▶ _Exercise_
Output the data word for word, dropping every image.

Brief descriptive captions

————————

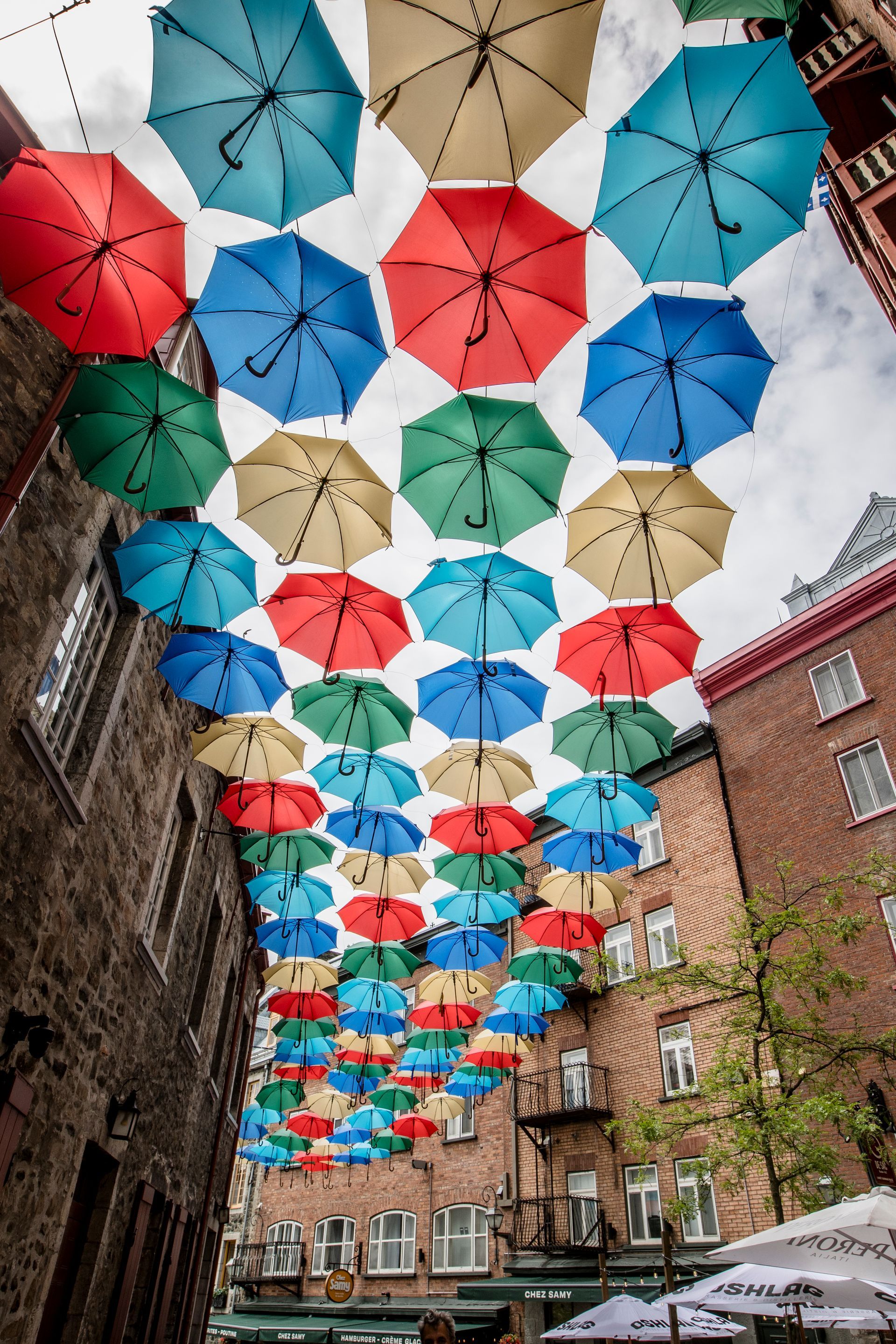 Colorful umbrellas hanging overhead in a narrow brick alley with buildings lining both sides.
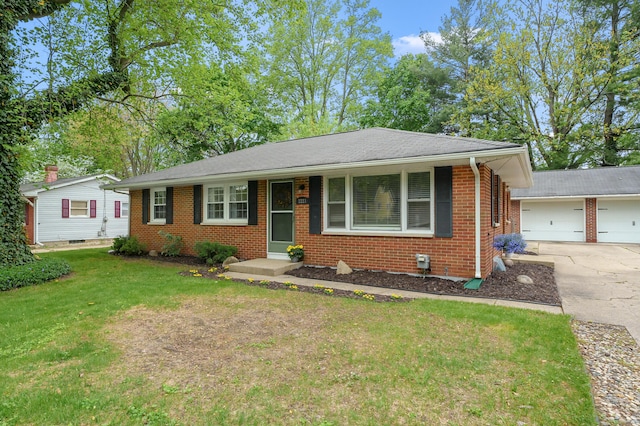 ranch-style home featuring brick siding, a front yard, and driveway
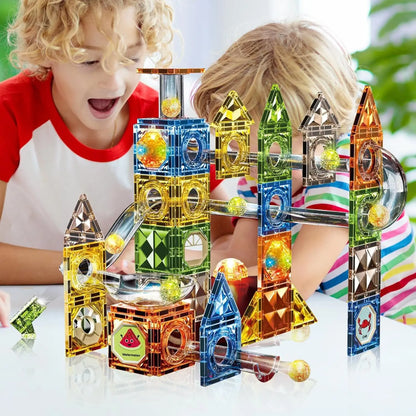 Interactive magnetic building set with rolling marbles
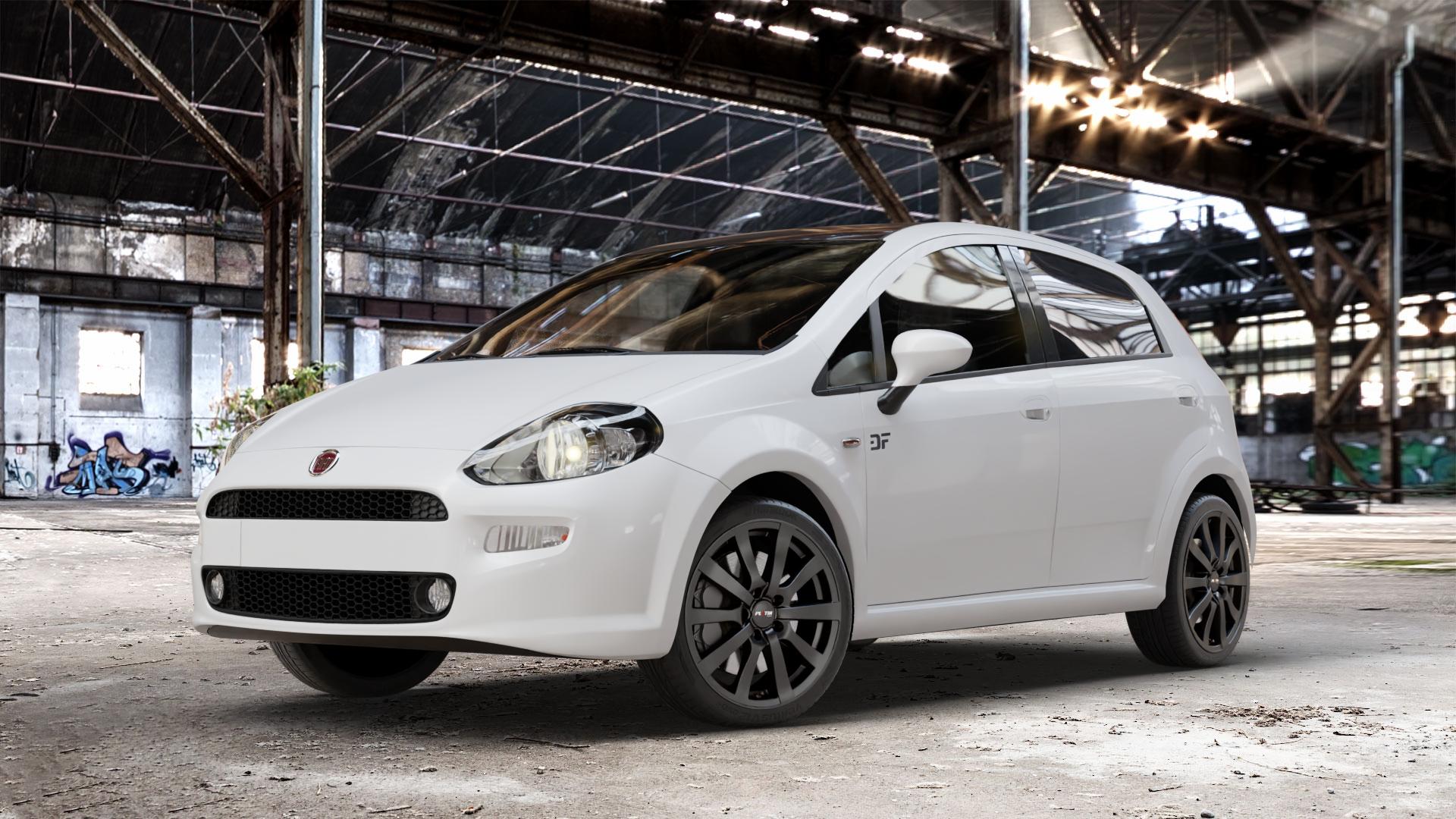 Platin Wheels P 58 matt black Felge mit Reifen schwarz schwarz matt in 17Zoll Winterfelge Alufelge auf weissem Fiat Punto / Grande Typ 199 (12->) ⬇️ mit 15mm Tieferlegung ⬇️ Old Industrial Hall_max_4400mm_2024 Frontansicht_1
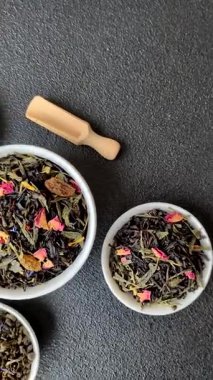 Kuru çay karışımı, koyu beton arka planda siyah, yeşil ve çiçek yaprakları.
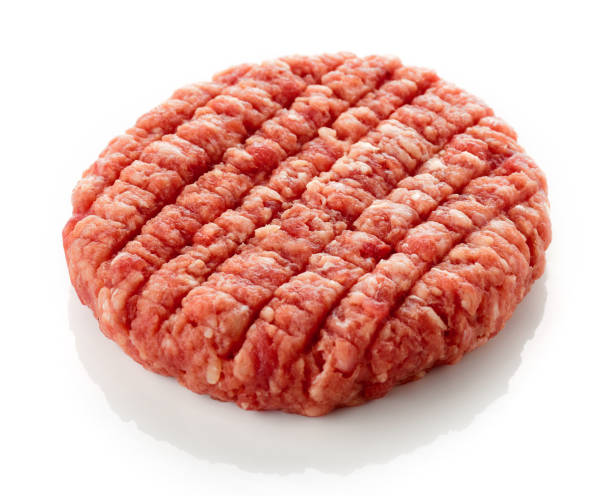 istock Raw hamburger patty isolated on white 1339481633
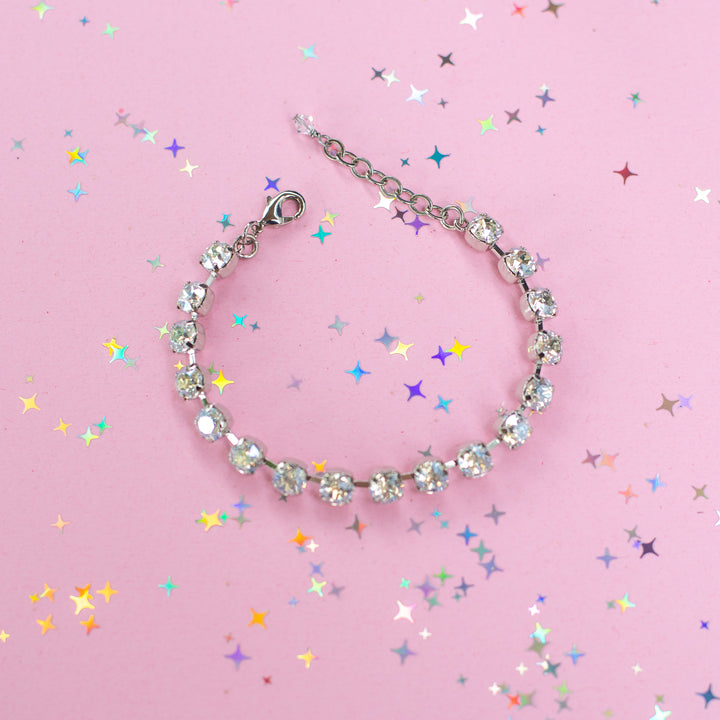 crystal bracelet shown in rhodium silver setting on a pink background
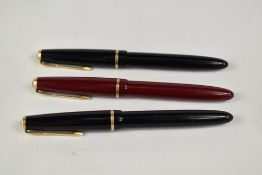 Three Parker Slimfold aeromatic fill fountain pens two in black one red, having decorative band to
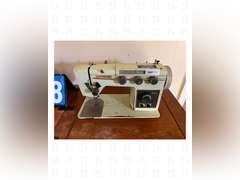 Morse model 902 sewing machine with work table.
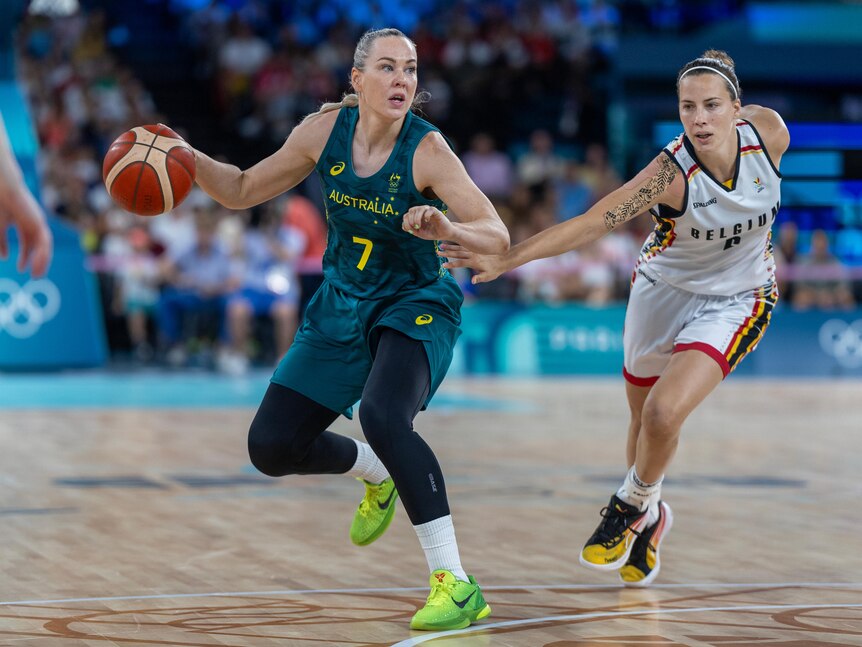 A tall Australian female basketballer uses one arm to fend off a Belgian defender while holding the ball in the other.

————————

▶ _Solved problem_
 Colorful umbrellas hanging overhead in a narrow brick alley with buildings lining both sides.
 ranch-style home featuring brick siding, a front yard, and driveway
 Interactive magnetic building set with rolling marbles
 Platin Wheels P 58 matt black Felge mit Reifen schwarz schwarz matt in 17Zoll Winterfelge Alufelge auf weissem Fiat Punto / Grande Typ 199 (12->) ⬇️ mit 15mm Tieferlegung ⬇️ Old Industrial Hall_max_4400mm_2024 Frontansicht_1
 Kuru çay karışımı, koyu beton arka planda siyah, yeşil ve çiçek yaprakları.
 istock Raw hamburger patty isolated on white 1339481633
 crystal bracelet shown in rhodium silver setting on a pink background
 Three Parker Slimfold aeromatic fill fountain pens two in black one red, having decorative band to
 Morse model 902 sewing machine with work table.
 A tall Australian female basketballer uses one arm to fend off a Belgian defender while holding the ball in the other.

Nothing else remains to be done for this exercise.